Definition of Disorderly Conduct

Disorderly Conduct “Disorderly conduct” is a term that many people may be familiar with. Still, most people may not fully understand the legal definition of disorderly conduct and know when the police can charge you with this crime. Disorderly conduct is a so-called “catch-all” statute in Connecticut. It can be applied to a wide range of behaviors ranging from a fight in a bar to a domestic violence dispute. Police can arrest people for a violation of this statute in situations ranging from very heated verbal disagreements to mild physical confrontations.

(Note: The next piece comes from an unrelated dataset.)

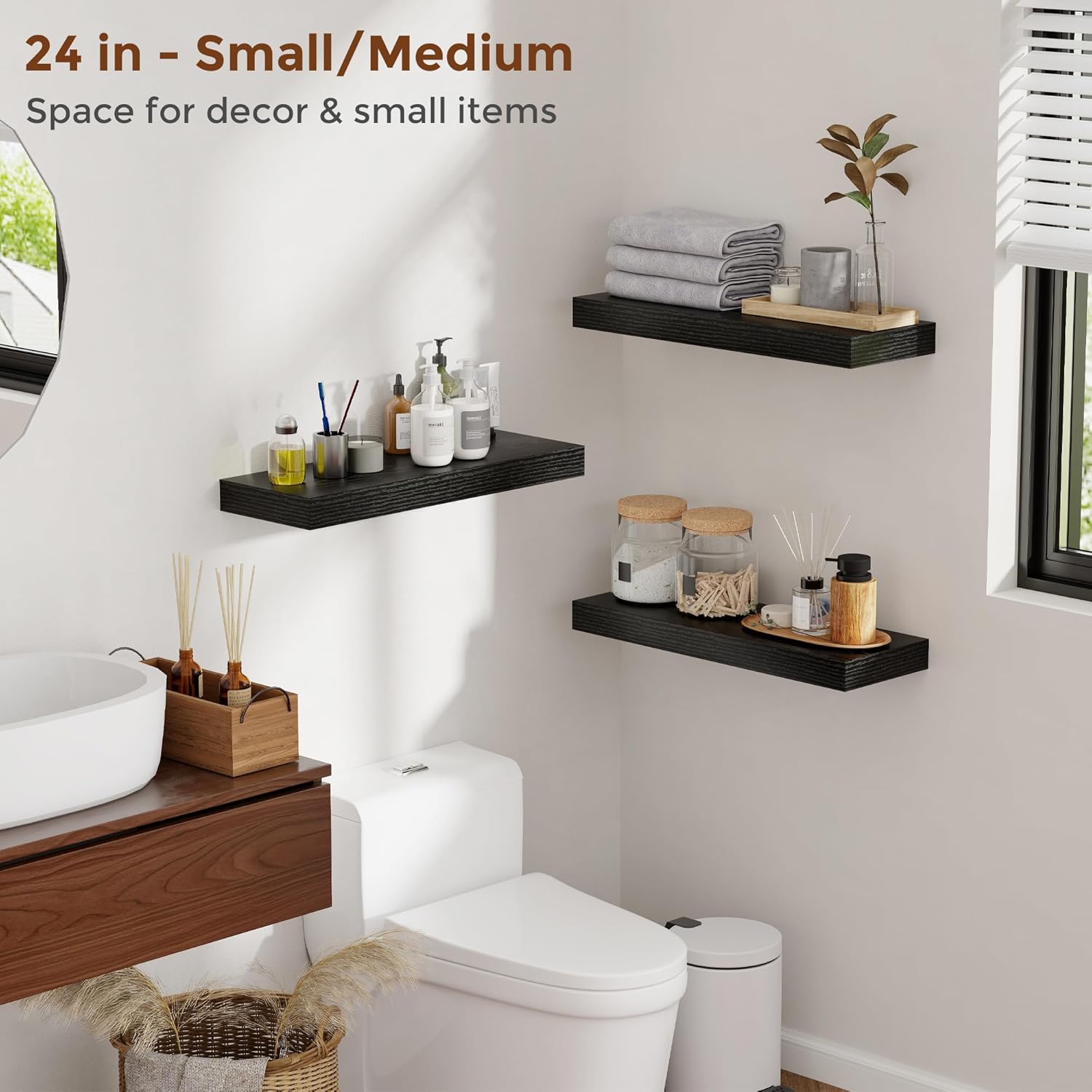 24 Inch Floating Shelves Set of 2 Black Wall Mount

In many cases, the police will charge defendants with disorderly conduct and other more serious crimes such as risk of injury to a minor or assault. A lot of people wonder “should I get a lawyer for a disorderly conduct case?” If you or a family member or loved one has been charged with disorderly conduct, we encourage you to retain our office to defend you aggressively and protect your rights.

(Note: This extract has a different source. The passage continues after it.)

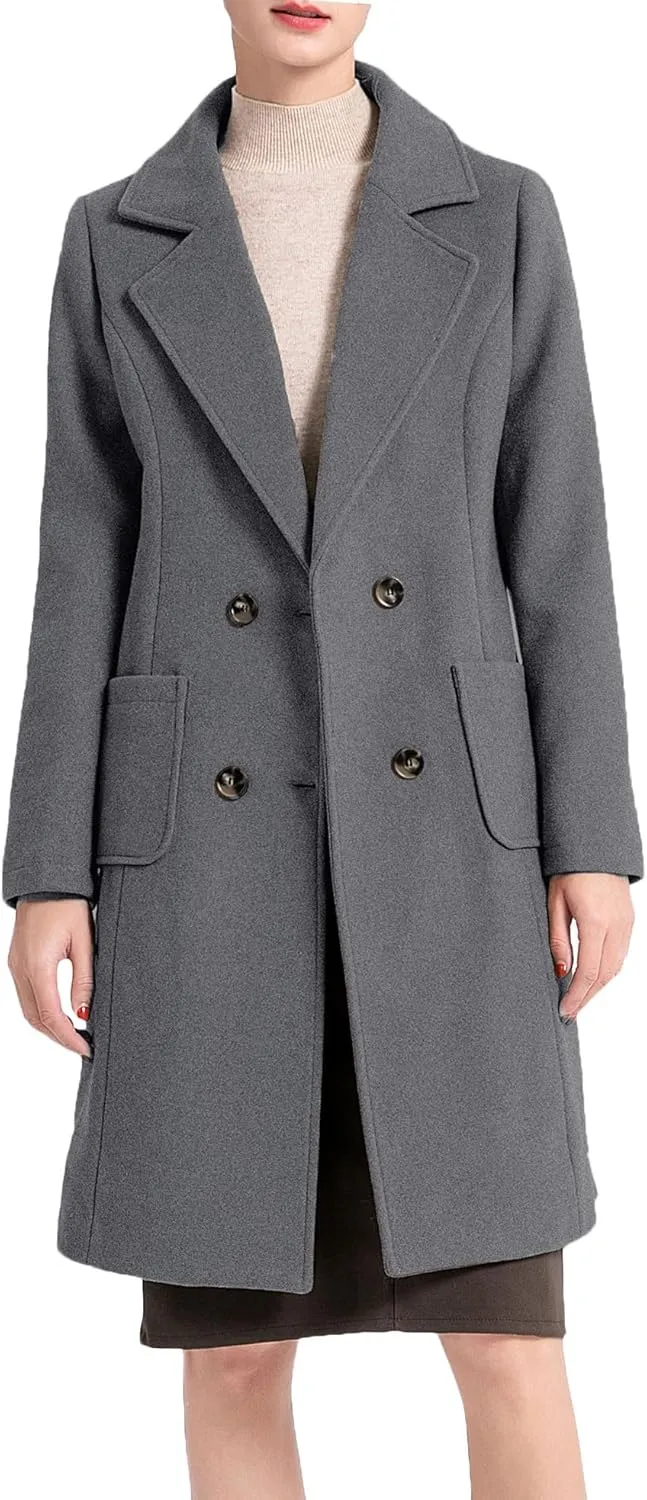 Minibee Women's Trench Coats Winter Wool Peacoat Warm Double Breasted Pea Coat Lapel Jacket Outwear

The following is an explanation of Connecticut disorderly conduct laws, and the impact a conviction for Connecticut General Statutes § 53a-182 could have upon your future:

Elements of the Crime Which Must be Proven by The State

To be found guilty of disorderly conduct under General Statutes § 53a-182 the State of Connecticut has the burden to prove, beyond a reasonable doubt, that the defendant while acting with an intent to cause “inconvenience, annoyance or alarm” or recklessly creating a risk of the same, engaged in one of the following acts.

The acts include:

  1. Engaging in fighting;
  2. Engages in violent or threatening behavior;
  3. By engaging in offensive or disorderly acts, you annoy or interfere with another person;
  4. You make unreasonable noise;
  5. You disturb a lawful assembly or gathering of persons;
  6. You obstruct the flow of traffic or pedestrians (blocking traffic);
  7. Ignore lawful orders of the police to disburse from a congregation of other persons in a public place;
  8. You are a peeping tom.

As we can see, several subsections of Connecticut General Statutes §53a-182 are very vague. It is often difficult to draw a line between what would cause “annoyance or alarm” to someone and the constitutionally protected free speech rights of the defendant.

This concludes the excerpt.